I imagine if we did kill ourselves, reprint sales of PvP would drop to zero. PvP doesn’t strike me as a comic that enjoys a diverse readership if you know what I mean. It makes absolutely no sense for Kurtz to attack his own readership for something they have no power over. People have no control over the color of their skin. If someone were morbidly obese, they could eat less and try to exercise. If someone has white skin, there’s nothing they can do about that.
Before comic book artist Ethan Van Sciver traveled down to Florida and appeared at an event hosted by Gotham City Pizza, he was sent a threat on Twitter:
Ethan Van Sciver rightfully took the above private message as a threat.
The account in which the threat originated from no longer exists. I don’t know if it was deleted by the user or by Twitter.

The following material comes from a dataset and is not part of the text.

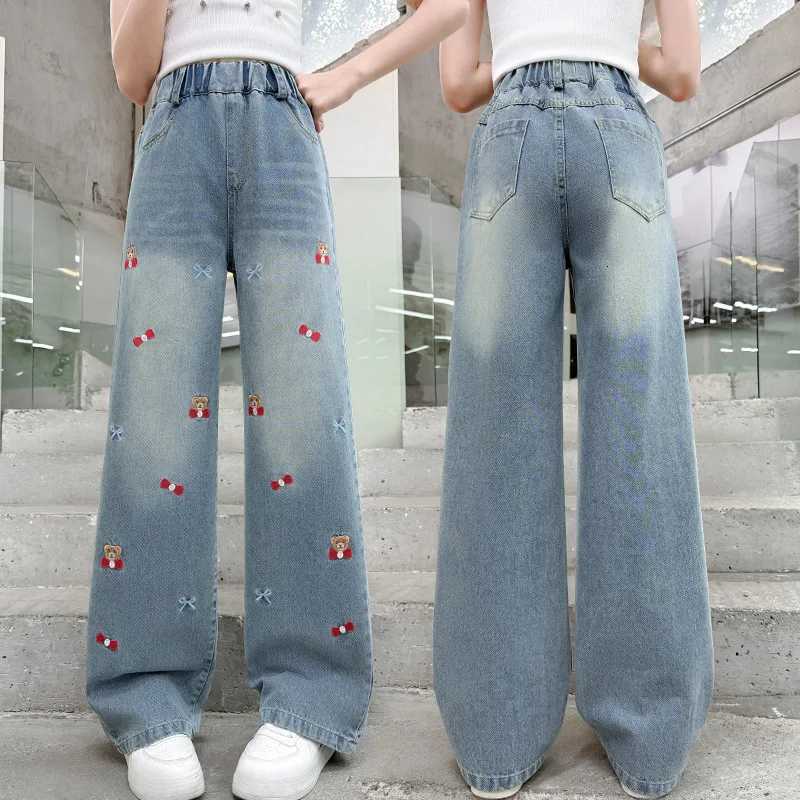 Spring Autumn Young Tennager Girls Denim Pants Elastic Waist Youth Girls Trousers Loose Casual cartoon Children Girls JeansT251017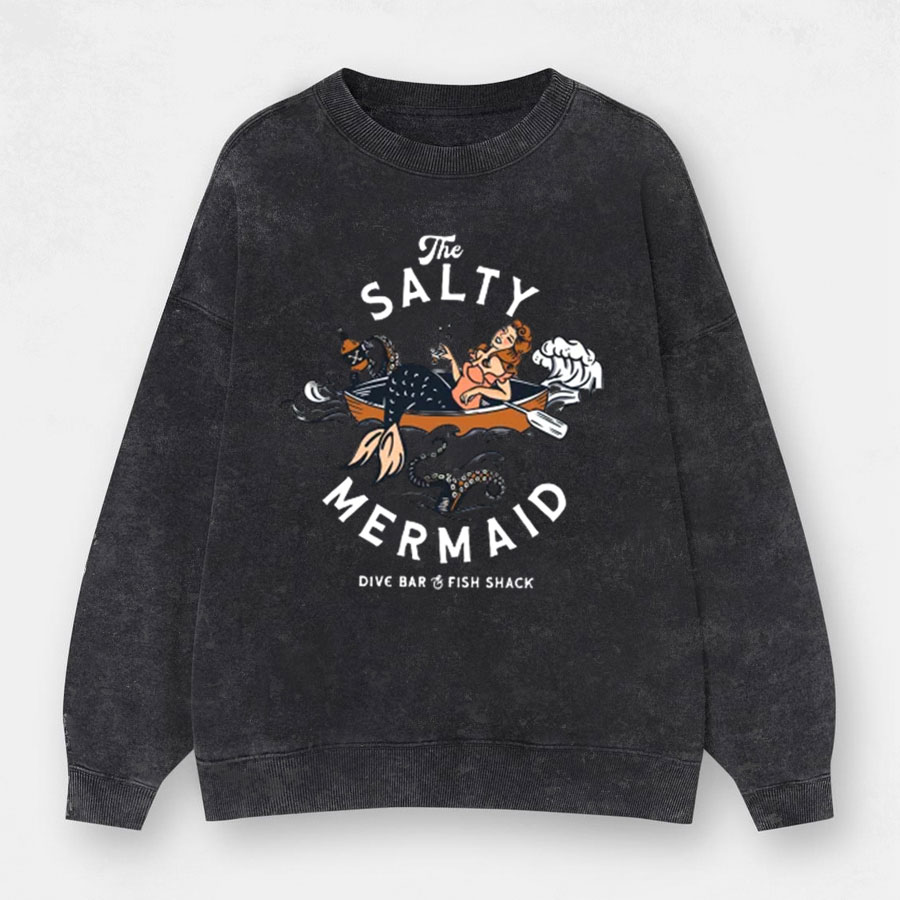 Vintage The Salty Mermaid Dive Bar Washed Sweatshirt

Ethan Van Sciver, threat or no threat, went down to Florida like a boss and appeared at Gotham City Pizza. A good time was had by all. The appearance was a success. Then, more than 24 hours after the event, someone smashed the front door of Gotham City Pizza. Ethan blamed the vandalism on the SJWs, the social justice warriors, who he believed threatened him.
I don’t agree with Ethan, but I can certainly see where he was coming from when he made the claim. There’s no doubt he was threatened, but I don’t see how the person making the threat was an SJW.
I think the more likely reason for the damage to Gotham City Pizza’s door was someone tried to rob it. It was probably the same thief who robbed Smoke Shack BBQ the week before. Smoke Shack BBQ is located only two miles from Gotham City Pizza.
Whoever broke the door, I don’t think it was an SJW
Social justice warriors don’t go around and damage property after someone they don’t like appears at an event. That’s not their typical modus operandi. What they like to do is de-platform people before an event takes place. They typically never contact the person they don’t like, instead, they contact the event organizer and try to persuade them not to host the person.
Did anyone contact Gotham City Pizza before Ethan’s appearance and ask them not to host the event? If not, I doubt it was an SJW.
Typically, if the SJW cannot persuade the event organizer to do what they want, they quickly go above the organizer. For example, in this case, they would have contacted Gotham City Pizza’s landlord.
The landlord would have been told all sorts of lies. They would have been told Gotham City Pizza was planning an alt-right, white supremacy event featuring Ethan Van Sciver, a famous pro-nazi artist.
They would have tried to convince the landlord that all of Ethan’s alt-right, white supremacist fans would be traveling to Gotham City Pizza, creating a danger to the non-white, non-binary folks of Ormond Beach, Florida.